The connectivity network in neuroimaging studies is often represented by a graph with a set of nodes and edges G = {V,E}; the set of nodes V denote a set of distinct brain areas, and the edges E are the connections between those nodes. To investigate the differential connectivity expressions between two groups of subjects (e.g., controls vs. cases), two sample tests are often conducted for all edges. For example, $p_{ij}$ is the test p‐value between a pair of nodes i and j. Based on all these testing results, we obtain a |V| by |V| testing significance weight matrix $W_0=\left\{w_{ij}\right\}$ with $w_{ij}=-log(p_{ij})$. We utilize the “−log” transformation of p to express that the edges of small p‐values may contain important information and, hence, are highly weighted. In addition, we note that the empirical distribution of $-\log (p_{ij})$ often follows a Gamma distribution (with both parameters equal to 1 based on maximum likelihood estimation).

Objective Function of Network Detection

The primary goal of differential connectivity detection is to identify the significantly differentially expressed edges with well‐controlled false‐positive discovery rates. In contrast to other high‐throughput genomic or proteomic expression features, the brain connectivity features (edges) are spatially constrained by nodes and, thus, are not independent. The NBS and SPC methods have wisely used this property to select features with more power [Zalesky et al., 2010, 2012b]. We also leverage this property to construct our objective function and furthermore add a penalty term of the number of nodes. The main objective function is to search the C‐component clustering of the whole graph, denoted, ${\left\{A_c\right\}}_{c=1}^C$ where ${\cap }_{c=1}^C{A}_c=V$ and $A_c\cap A_{c\text{'}}=Ø$, which allocates most significant edges within networks of small number of nodes:

$${\text{argmin}}_{{\left\{A_c\right\}}_{c=1}^C}{\displaystyle \sum _{c=1}^C\frac{{\sum }_{i\in A_c,j\cancel{\in }{A}_c}^{}-\log (p_{ij})}{\left|A_c\right|}}$$ (1)

where $\left|A_c\right|$ represents the size (number of nodes) of the detected network cluster $A_c$. The objective function minimizes the weights of edges between the selected networks and the rest of G, which ensures the edges of heavy weights (more significant) are included in some networks rather than left between networks. Only the edges in the detected networks are included as biomarkers, and the optimization process can be intuitively considered to cover more informative/supra‐threshold edges by using small‐sized networks.

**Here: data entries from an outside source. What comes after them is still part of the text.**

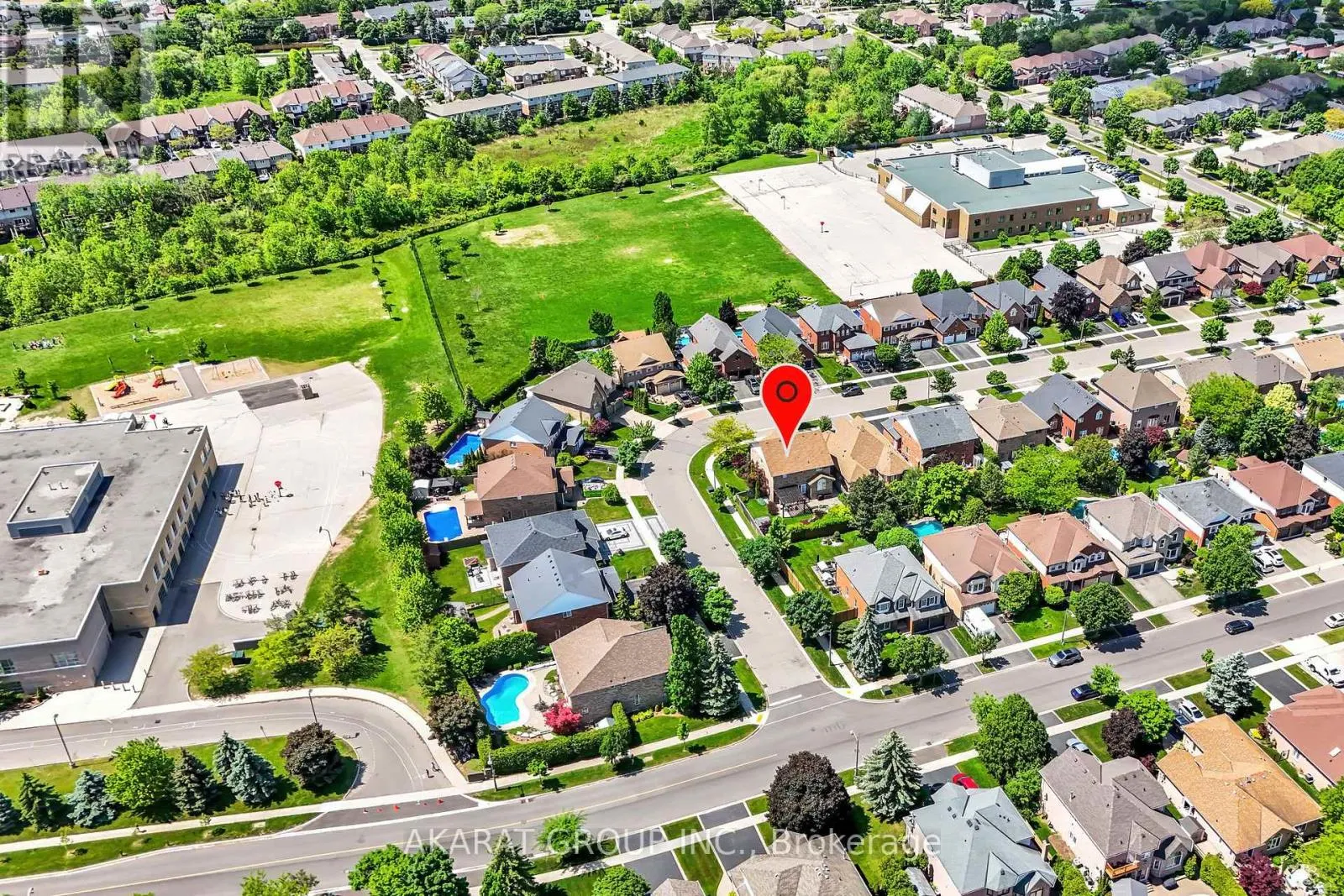 2113 DALECROFT CRESCENT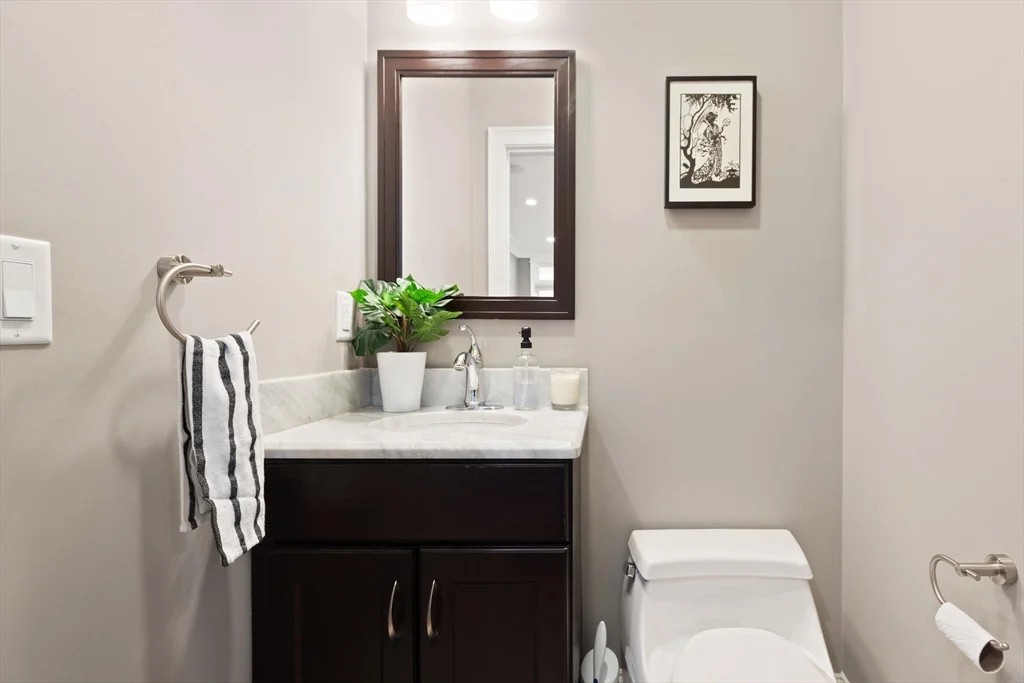 3 bed, 3 bath apartment for rent at 16 Zamora Unit Front, Jamaica Plain — photo 19 of 20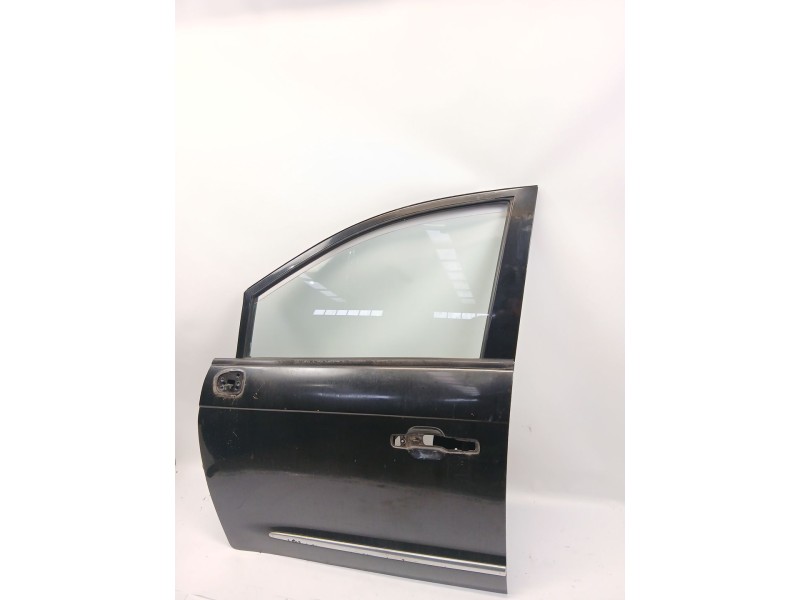 Recambio de puerta delantera izquierda para ssangyong rodius i 2.7 xdi referencia OEM IAM   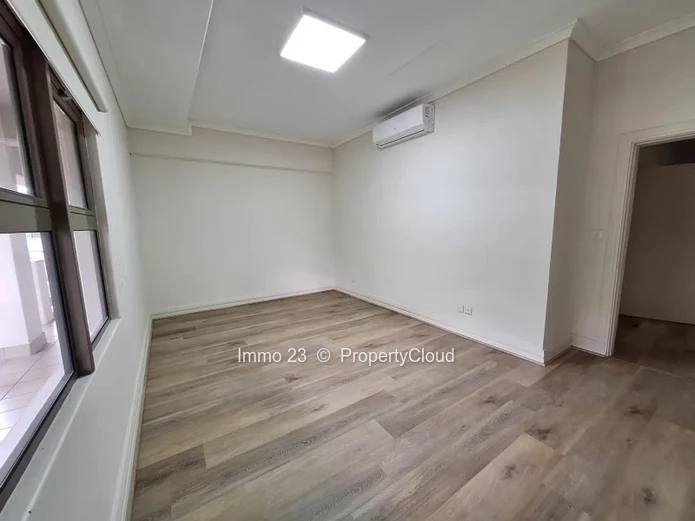 Bureau - 177m2 - Rivi00e8re Noire - Ref. BU89784LO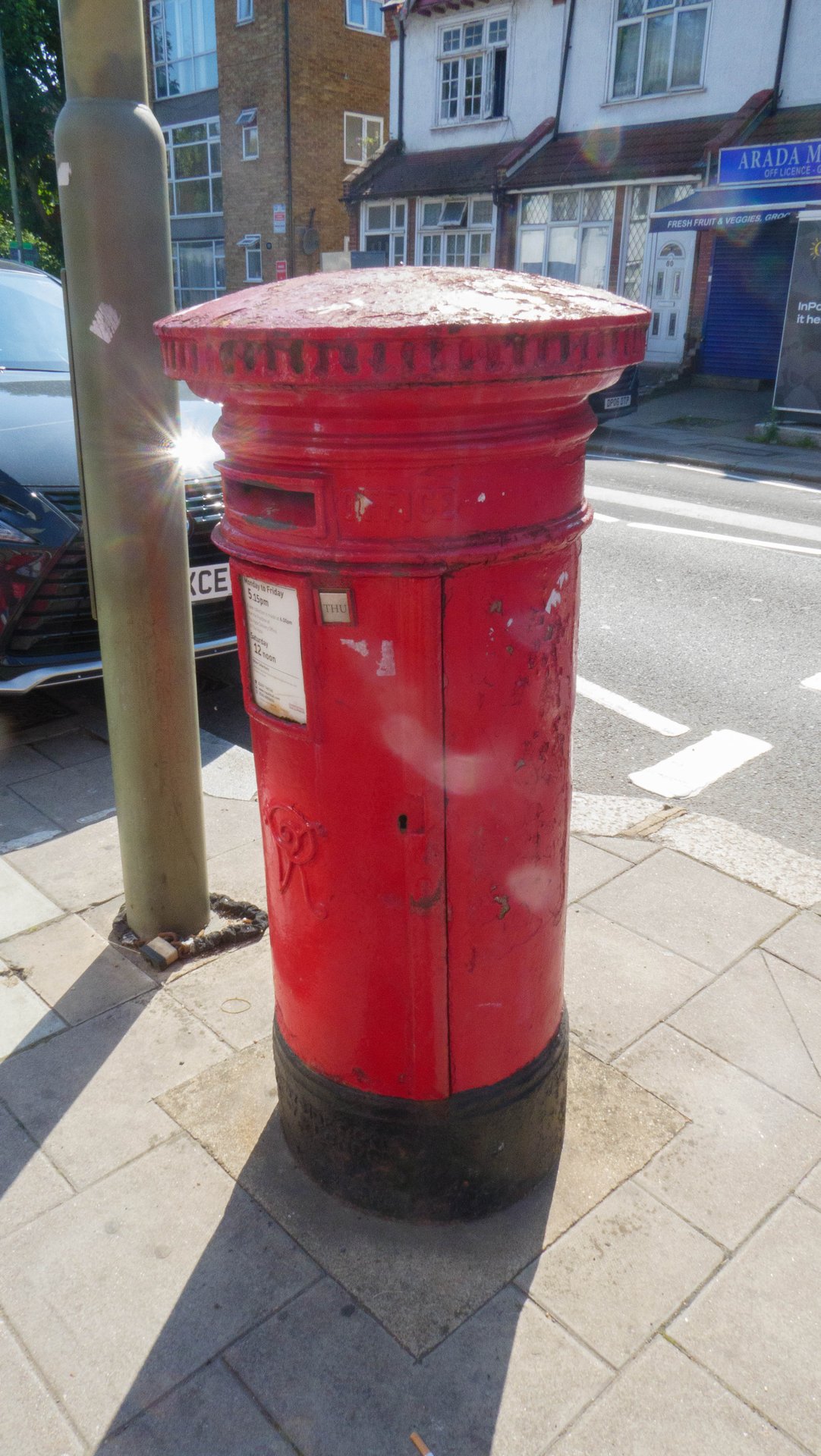 Colindale Avenue, Edgware photo 3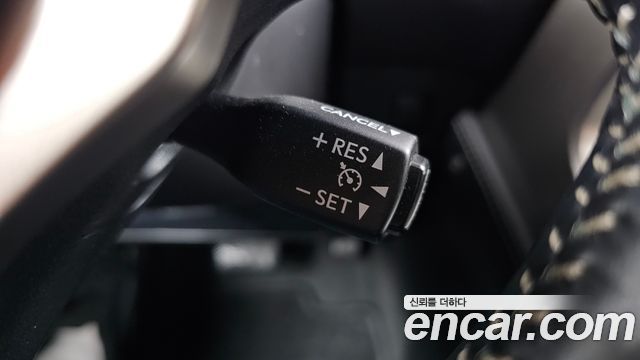 Лексус NX300h 2018 — миниатюра 28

The first step of the optimization is the screening step, which thresholds the noisy edges of larger p‐values, for example to let $w_{ij}=0$ if $p_{ij}>p_0$, and we refer to the thresholded weight matrix as W. Then, the Laplacian matrix based on the thresholded W matrix is

$$L=D-W,$$ (2)

where the degree matrix D is defined as the diagonal matrix with diagonal element $d_1,\cdots ,d_n$ and $d_i={\sum }_{j=1}^{\left|V\right|}{w}_{ij}.$

Next, we investigate how many disconnected components/subgraphs are there in the overall graph G with the thresholded W matrix. We denote $G_q$ as a disconnected subgraph/subset of G (q = 1,⋯,Q and $G={\cup }_{q=1}^Q{G}_q$) such that $G_q\subset G$, and there is no edge with weight > 0 connecting between $G_q$ and its complement subset $G\backslash G_q$. To identify the disconnected subgraphs, we conduct the eigen‐decomposition on the Laplacian matrix L, and the number of zero‐valued eigenvalues equals the number of disconnected subgraphs [Von Luxburg, 2007]. The corresponding eigenvectors of zero‐valued eigenvalues exhibit the allocation of nodes to the disconnected subgraphs. This step is equivalent to the network detection step in NBS, but a spectral graph model is used rather than the breadth first search by NBS. The objective function in Eq. (1) is at minimum and equals zero, if C the total number of network clusters in Eq. (1) is the same as Q (Q > 1) the number of disconnected subgraphs in G. However, rather than stopping at this step and performing family‐wise error control, we further conduct parsimonious network detection within each unconnected component to identify smaller networks with a higher proportion of significant edges. Thus, the overall objective function becomes parsimonious network detection within each unconnected subgraph:

$${\text{argmin}}_{{\left\{{\stackrel{\sim }{A}}_k\right\}}_{k=1}^{K_q}}{\displaystyle \sum _{k=1}^{K_q}\frac{{\sum }_{i\in {\stackrel{\sim }{A}}_k,j\cancel{\in }{\stackrel{\sim }{A}}_k}-\log (p_{ij})}{\left|{\stackrel{\sim }{A}}_k\right|}}$$ (3)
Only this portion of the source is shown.